------ Materials provided

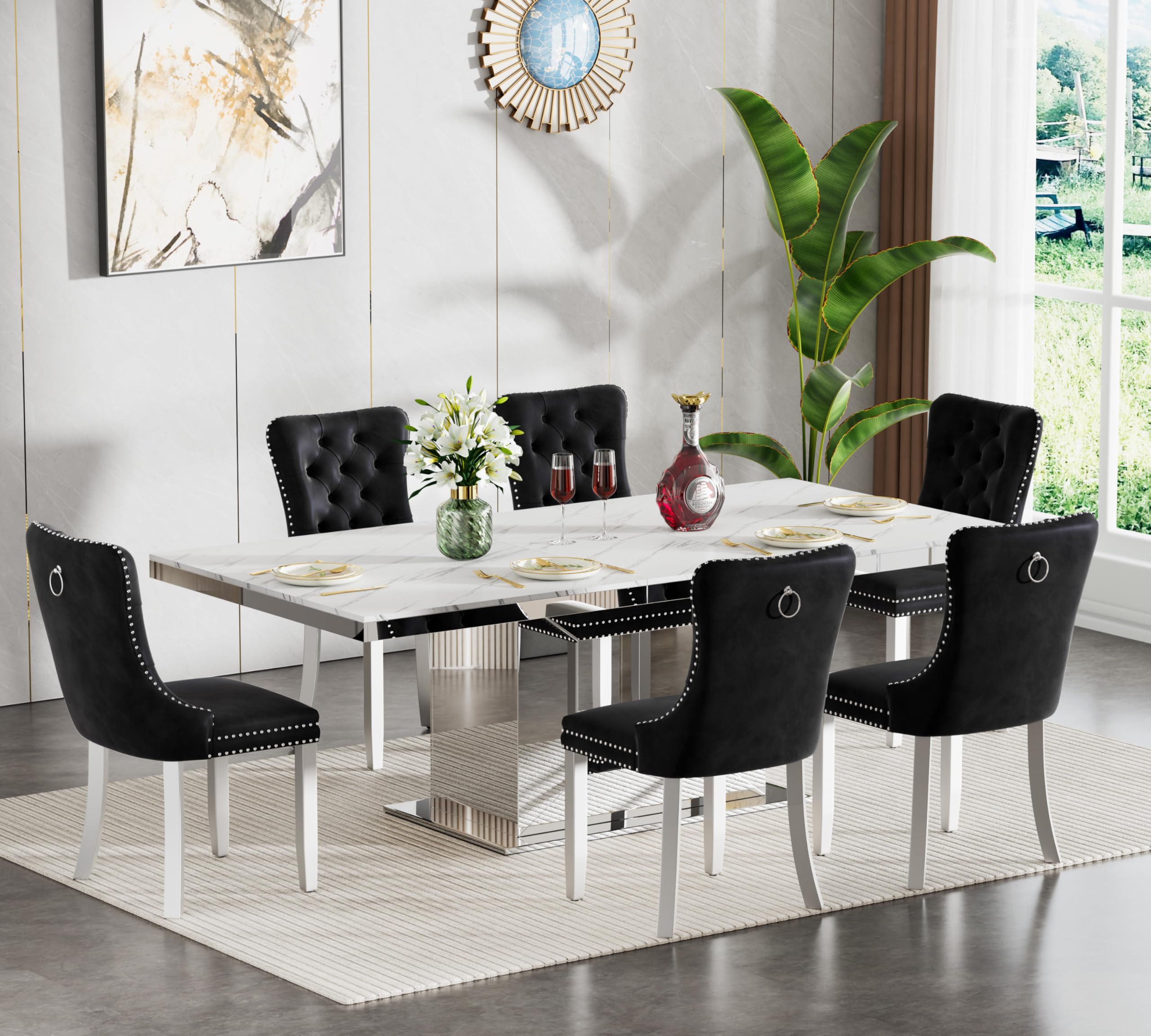 7 Pieces White Faux Marble Extendable Dining Table Set, 63"-94" Rectangular Expanding Kitchen and Dining Room Table Set for 6 with Mirrored Acrylic Base &amp; Black Velvet Upholstered Chairs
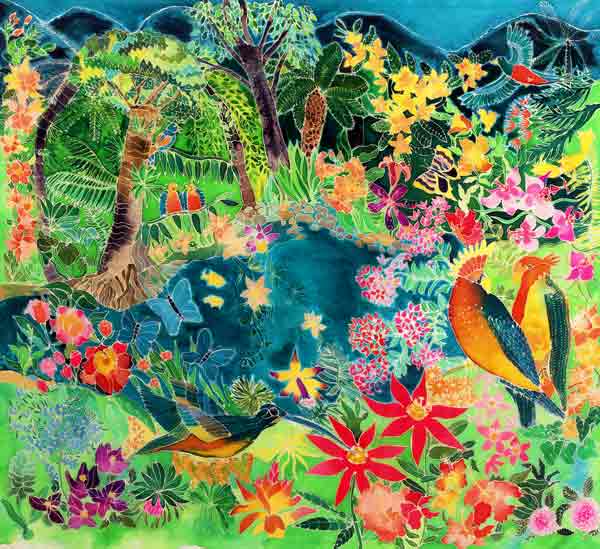 Caribbean Jungle, 1993 (coloured ink on silk)  from Hilary  Simon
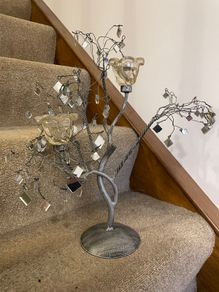 Vintage-style metal tealight tree candelabra
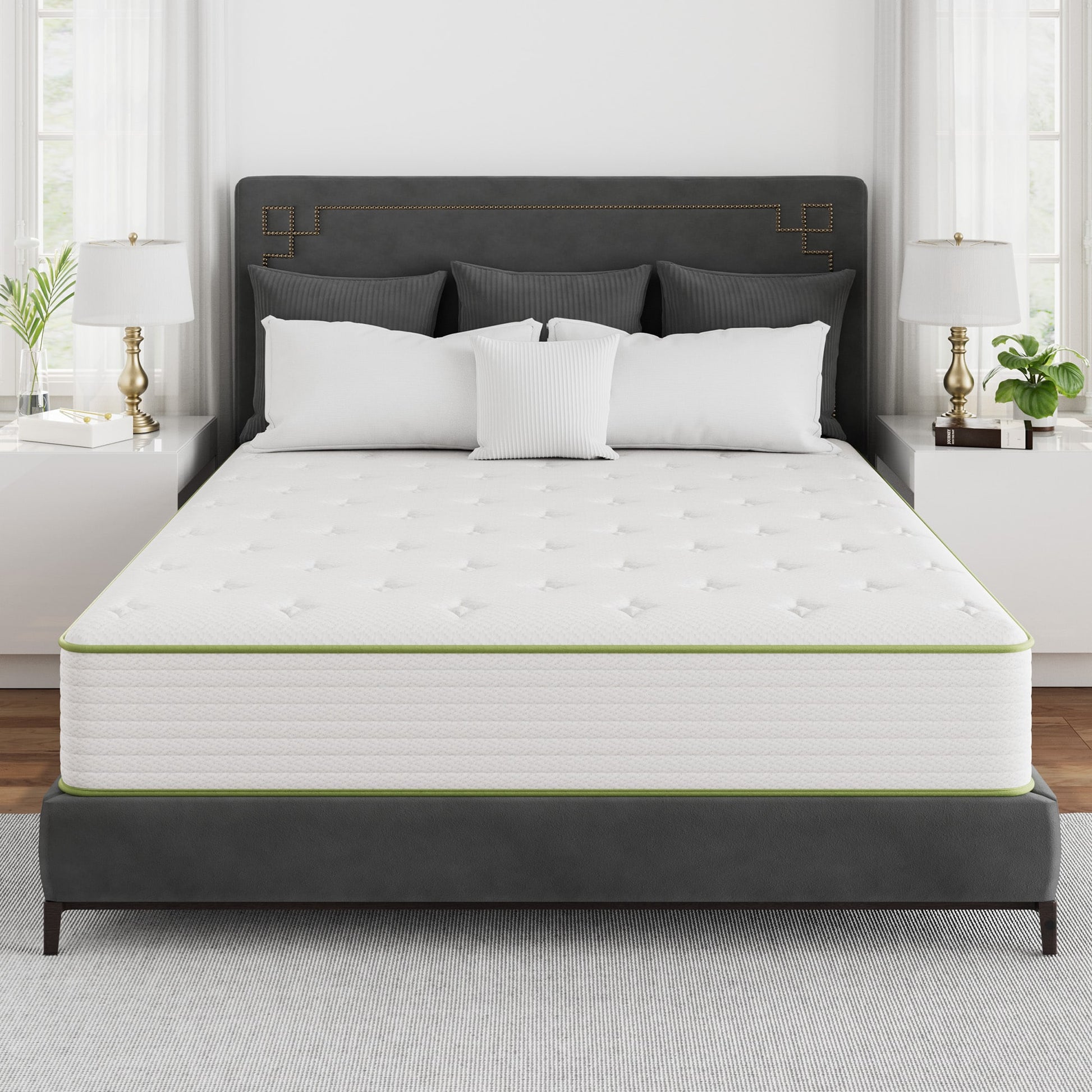 Ifluous 12-in Medium Queen Hybrid Memory Foam/Coil Blend Mattress in a Box with Boxspring Included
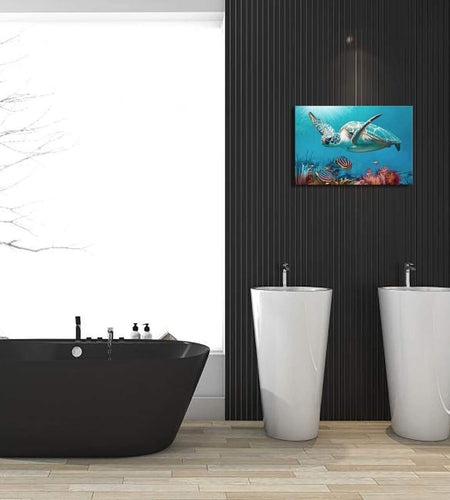 Bathroom Decor Beach Decor Sea Turtle Bathroom Art Beach Bathroom Decor Turtle Decor Hawaiian Decor Sea Turtle Decor Coastal Wall Decor Ocean Wall Art Blue Ocean Canvas Frame Print Ready to Hang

------------

**Task requirements:**
Repeat exactly the stretch of the listing above that starts with the line holding "Caribbean Jungle, 1993" and finishes with the line holding "Ifluous 12-in Medium", both included. Skip every picture.

**Output for this exercise:**
 Caribbean Jungle, 1993 (coloured ink on silk)  from Hilary  Simon
 Vintage-style metal tealight tree candelabra
 Ifluous 12-in Medium Queen Hybrid Memory Foam/Coil Blend Mattress in a Box with Boxspring Included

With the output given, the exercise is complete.